WCAG 1.2.4 requires that captions are provided for all live audio content in synchronized media — in plain terms, any real-time event you broadcast with sound, like a webinar, product launch, or live stream, needs captions that appear as it happens. Those captions must carry the dialogue plus speaker identity and meaningful sounds, with no more than a broadcast delay.

What Success Criterion 1.2.4 actually says

The normative text from the W3C is one line: “Captions are provided for all live audio content in synchronized media.” It is a Level AA criterion — the conformance tier almost every regulation, contract, and lawsuit settlement points to in practice. “Synchronized media” means audio or video synchronized with another format, like a live video feed with a soundtrack. The word doing all the work here is live.

W3C defines live as “information captured from a real-world event and transmitted to the receiver with no more than a broadcast delay” — not enough time to script and proofread captions the way you would for a recorded file. The intent is to “enable people who are deaf or hard of hearing to watch real-time presentations.” And like recorded captions, live captions must “identify who is speaking and notate sound effects and other significant audio,” not just transcribe the words.

Live is not the same as prerecorded

This is why 1.2.4 is a separate criterion from 1.2.2:

  • Prerecorded (1.2.2, Level A): the audio already exists. You have hours or days to write, edit, and verify a WebVTT file before anyone watches.
  • Live (1.2.4, Level AA): the audio is created in the moment. Captions must be produced as people speak, with no second take.

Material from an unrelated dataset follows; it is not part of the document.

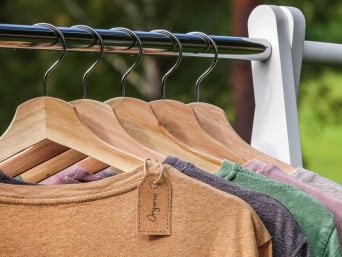 Sustainable clothes hanging on wooden hangers. Sustainable clothes hanging on wooden hangers.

There is no pre-written caption file to fall back on. That real-time production problem — not a missing <track> element — is the core of meeting 1.2.4, and why the bar is Level AA rather than A.

Who this helps

Live captions exist primarily for people who are Deaf or hard of hearing — roughly 48 million Americans have some degree of hearing loss, per the CDC. Without real-time captions, a live webinar or town hall is inaccessible to them as it happens; a recording posted the next day does not let them participate, ask questions, or react in the moment. W3C puts the benefit plainly: people who are deaf or have a hearing loss “can access the auditory information in the synchronized media content through captions.”

The audience is wider, too: attendees in sound-off offices, non-native speakers who read the language more comfortably than they hear it, and anyone parsing unfamiliar names, product terms, or accents in a fast-moving talk.

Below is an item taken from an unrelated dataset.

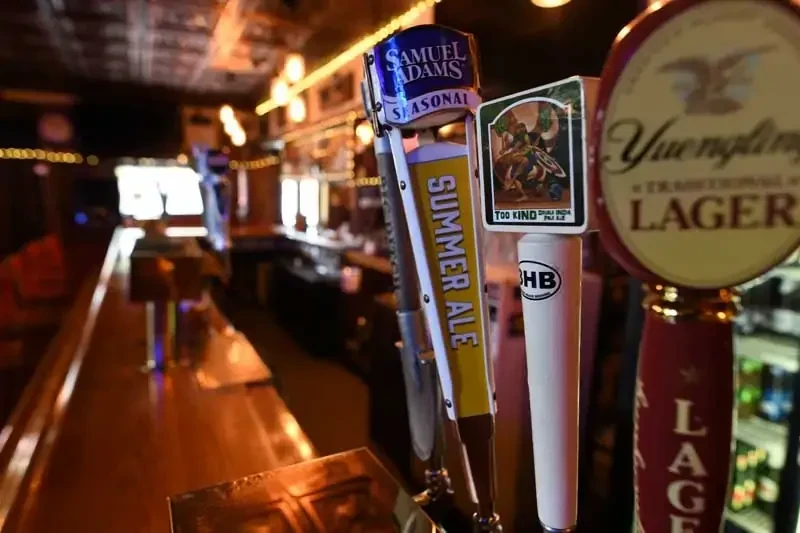 Three beer taps: Samuel Adams, TOO KIND, Yuengling at a dim bar.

Concrete examples that fall under 1.2.4

If you broadcast any of these with audio, 1.2.4 applies:

  • Live webinars and online workshops — the most common case for small businesses.
  • Product launches and live demos streamed to customers.
  • Live streams on your site, YouTube Live, LinkedIn Live, or similar.
  • Virtual conferences, town halls, and AMAs with a live audience.
  • Live web casts — W3C’s own example is “a news organization [that] provides a live, captioned web cast.”

W3C also cites an orchestra web cast using CART captioning that “captures lyrics and dialog as well as identifies non-vocal music by title, movement, composer” — a reminder that meaningful non-speech audio counts here too.

How to provide live captions

There are two realistic paths, and they differ sharply in quality:

1. CART (Communication Access Realtime Translation) — the reliable option. A trained captioner listens to your event and types a verbatim transcript in real time, which streams to viewers as on-screen captions. W3C’s sufficient technique G9 is “creating captions for live synchronized media,” paired with either open captions (G93) burned into the video or closed captions (G87) the viewer can toggle. CART is the gold standard for webinars, launches, and broadcasts because a human handles names, jargon, and crosstalk accurately.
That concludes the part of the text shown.